Game education: lipstick on a pig?About a 5 min. read
I was just reading Mike Zyda’s article in the December CACM on games and computer science education. It discusses the technical game education program they’ve created at USC in the CS department, and gives a nice overview of why they are doing things the way they are. Seems like a reasonable degree.
Yet, whenever I read about someone’s technical game degree program, I’m always left wondering about the jobs we’re pointing these students at, and the “unwritten pack” we make with students we accept into our programs. I’ve thought a lot about this, because the topic of a “game degree” comes up occasionally. I’m also teaching 3 game classes this semester (a game-oriented capstone, a game prototyping lab, and an augmented reality game design class), so I’m very focused on the issue of game education. Yet, with plenty of course and interest in games here at Georgia Tech, we haven’t created a full-blown game degree; our game education activities are folded into a number of other degrees that offer a broader education beyond games.

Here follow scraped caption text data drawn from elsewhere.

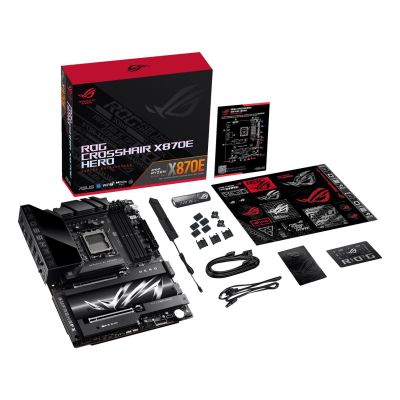 58. ASUS ROG CROSSHAIR X870E HERO Motherboard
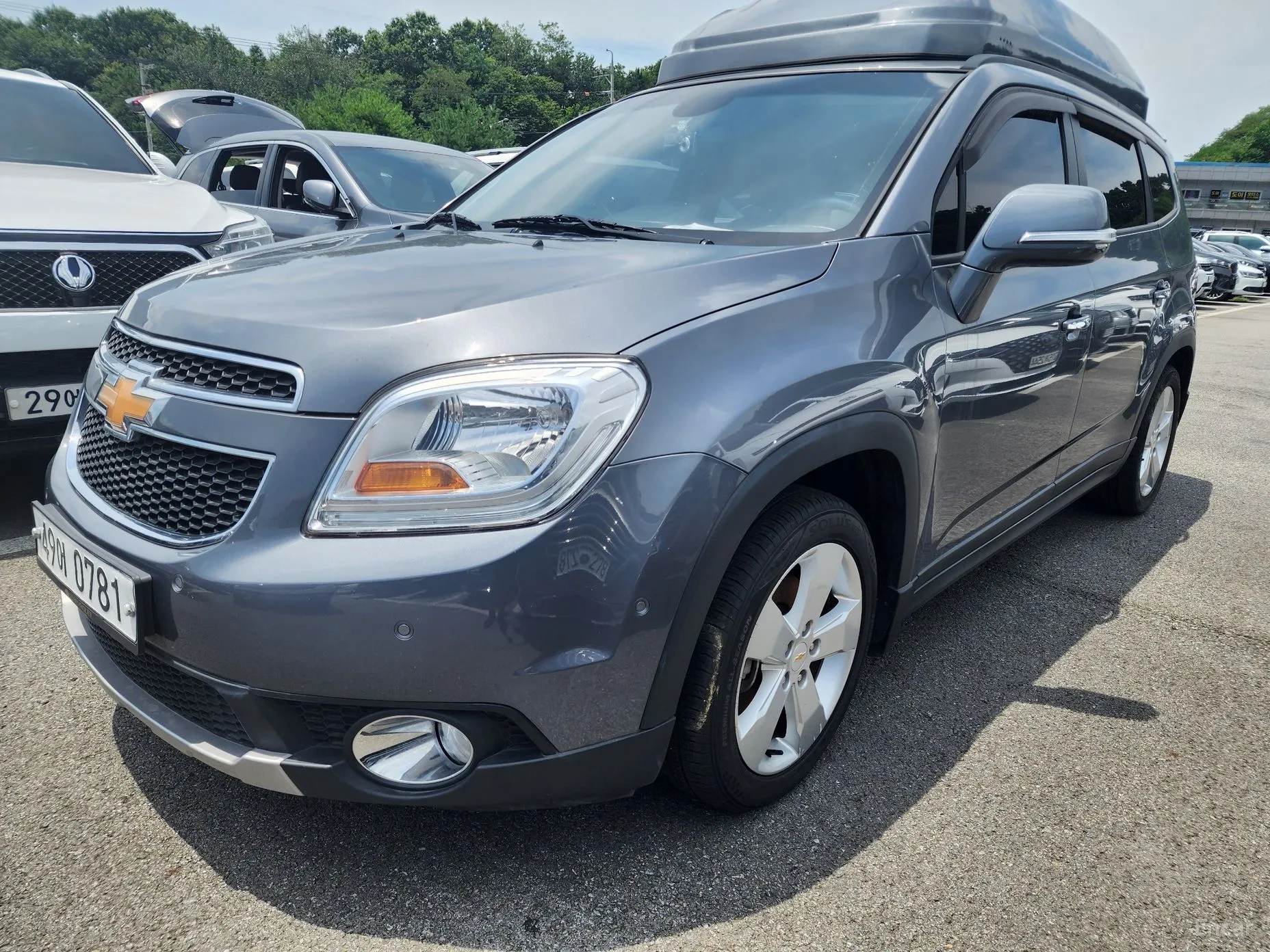 Chevrolet (GM Daewoo) Orlando превью 2
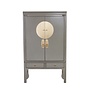Armoire de Mariage Chinoise Gris Olive - Orientique Collection L100xP55xH175cm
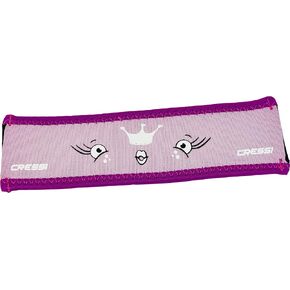 Cressi Floating Neoprene Goggle Strap Cover for Comfort and Security Quality Since 1946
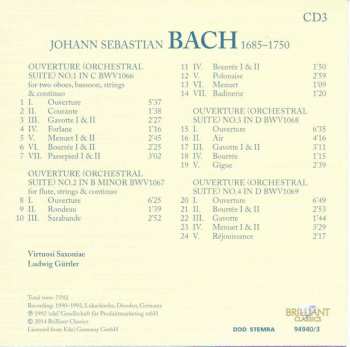 142CD/Dobozkészlet Johann Sebastian Bach: Complete Edition · Gesamtwerk · L'Œuvre Intégrale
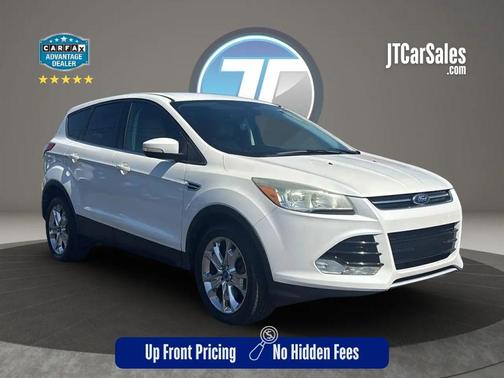 White Platinum Tricoat 2013 Ford Escape SEL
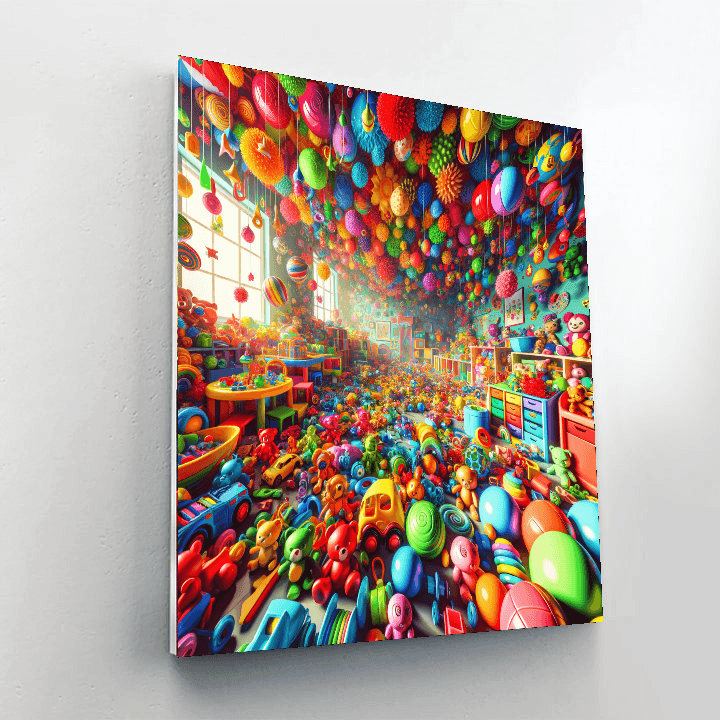 Toy Story Dreams Paint By Number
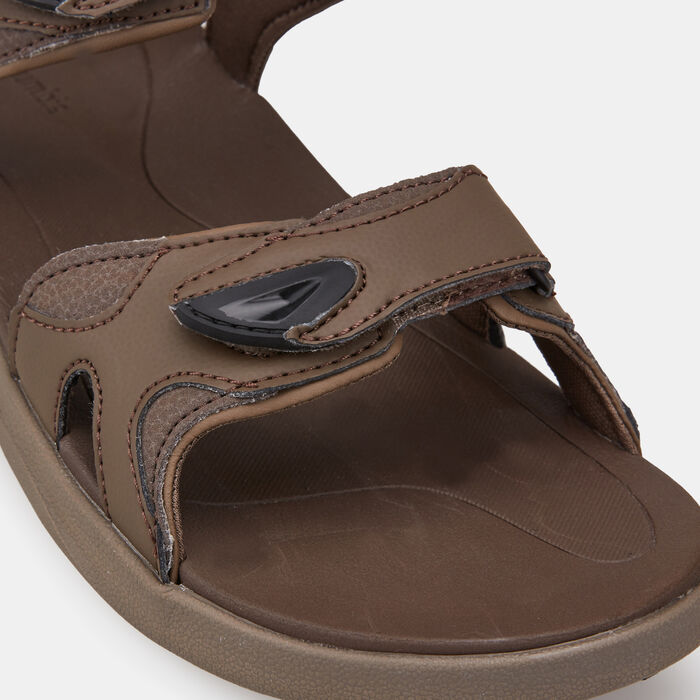 Columbia Men's Ankle Strap Sandals Brown Columbia Men's Ankle Strap Sandals Brown image number 4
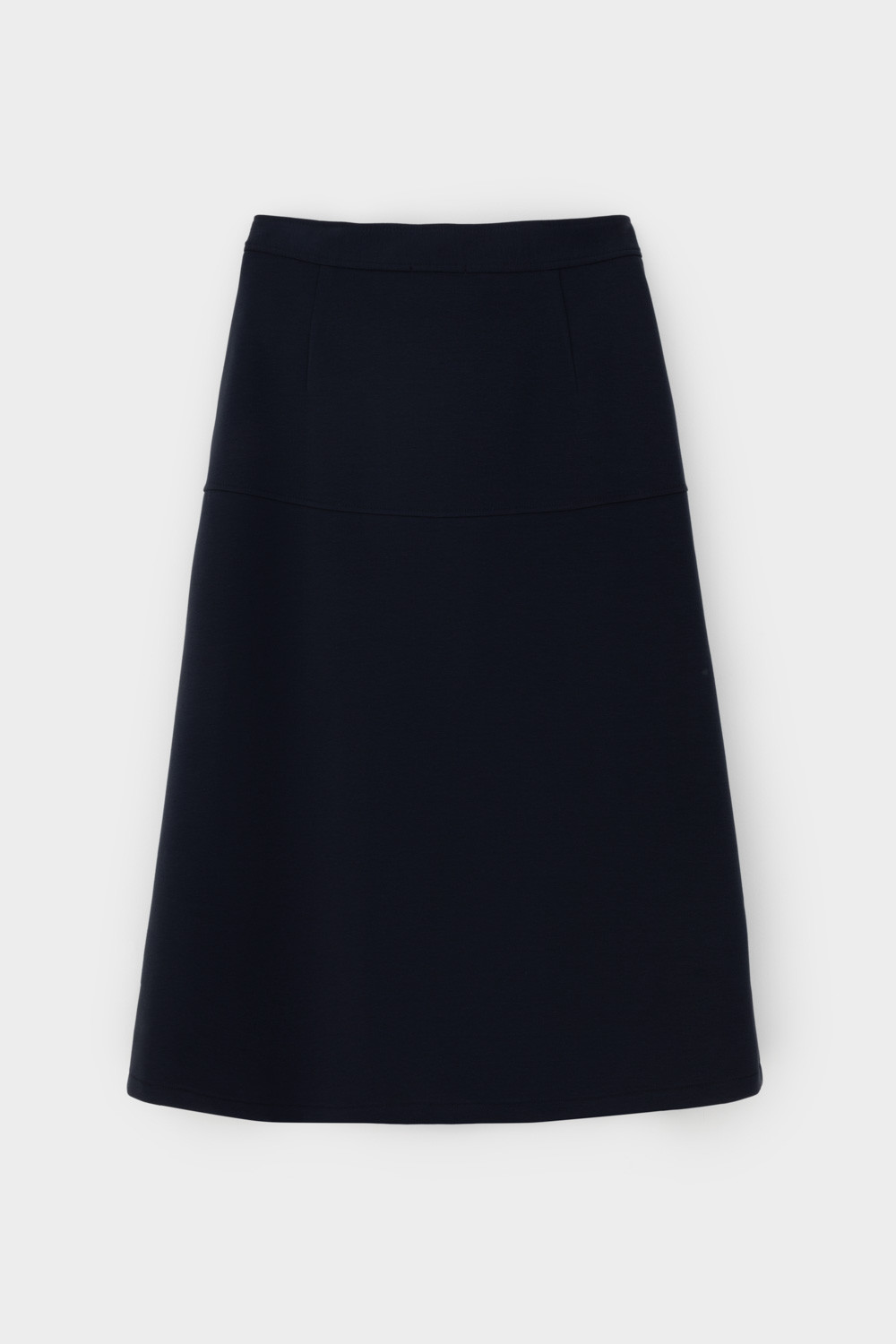 Юбки женские для мам, артикул: ЕВТ 7027, цвет: синий, фото 8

This article isn’t about our choices at GT, though. Rather, I interested in the opinions of others who might read this. I believe there is an implicit suggestion that, if we have a focused degree program in a technical area, it’s educating the students in preparation for actually doing something. With a liberal arts education, the goal is to give a broad education, and the students understand that there aren’t “liberal arts jobs” per se. But, I suspect that students don’t generally get a degree in Mechanical Engineering, Information Security, or Pre-Med just because they want to broaden their horizons and open their minds; they get these sorts of degrees (presumably) because they want to work in these areas after they graduate (or move on to other degrees, in the case of pre-Med or pre-Law).
So it is, I think, with a computer science or technical game-oriented degree. Which brings me back to the topic of the post. I wonder how many “game degrees” are being created because the school honestly believes that there is an industry need they are fulfilling (industry has unfilled job positions and needs to have more folks educated to fill them) or because the university has a need they are fulfilling (the student enrollments are dropping and they need students to fill up the classes). For a number of years, CS enrollments have been down at many schools (we’ve been doing OK at Georgia Tech, and if you include our cross-over degrees like Computational Media, we’re actually doing better than OK, both at attracting students, but also at attracting students who aren’t young, white boys). Over the past few years, a number of schools have created game degrees that have attracted a lot of attention, not least because it appears that they attract a lot of students and because their graduates get to go and work in the game industry. That’s all well and good; a few schools (USC’s MS program in the School of Cinema TV, CMU’s MS in Educational Technology, our combined undergrad and grad degrees across CS, CM and Digital Media, for example) have a great reputation with the game industry, and the students coming out of the program have generally had good success in getting the jobs they want.
But, how many schools are just putting lipstick (and new name) on a pig (their dying CS degree programs) to attract new students?
Overall, my sense is that there aren’t that many great jobs in the game industry, at least not in the numbers that are needed to employ an increasing number of game program graduates. Especially the jobs many students seem to dream about (game design, game engine programming, etc.); here, I’m talking about technical and design jobs, I’m not talking about testing and QA, or level design, or content-oriented jobs (a few schools, like SCAD and RISD and so on, are doing a great job educating those students).
Unfortunately, when I read articles like Mike’s, I’m reminded of the increasing trend of CS departments to offer Game Degrees (note: I’m not saying this is what USC is doing; Mike has a long history of game education, going back to the Naval PostGraduate School, and actually came to USC to create a game program in the CS department). A game degree is a great fit … for the school. There is virtually no area of CS that isn’t applicable to the technical side of a modern game, especially the blockbuster console games; these games require everything a major CS degree offers, and then some. Taking your existing CS courses, faculty, labs and infrastructure, putting some new makeup on it, and calling it a game degree can be a great way to attract students. And (based on anecdotal evidence) for many schools, it seems to be helping. Helping them, that is, attract students.
My worry, though, is that as more and more schools offer game degrees, we’re going to turn out a generation of pseudo computer science students who can’t get the jobs they want. After all, how many jobs are there? I was chatting with a game industry exec at a recent conference, and he joked that, given the low turn-over in the good jobs, the good opportunities number in the hundreds … not in the thousands or more that will be needed to place these students.
So, I’d love to hear other folks thoughts on this, or get pointers to hard data about jobs and graduates.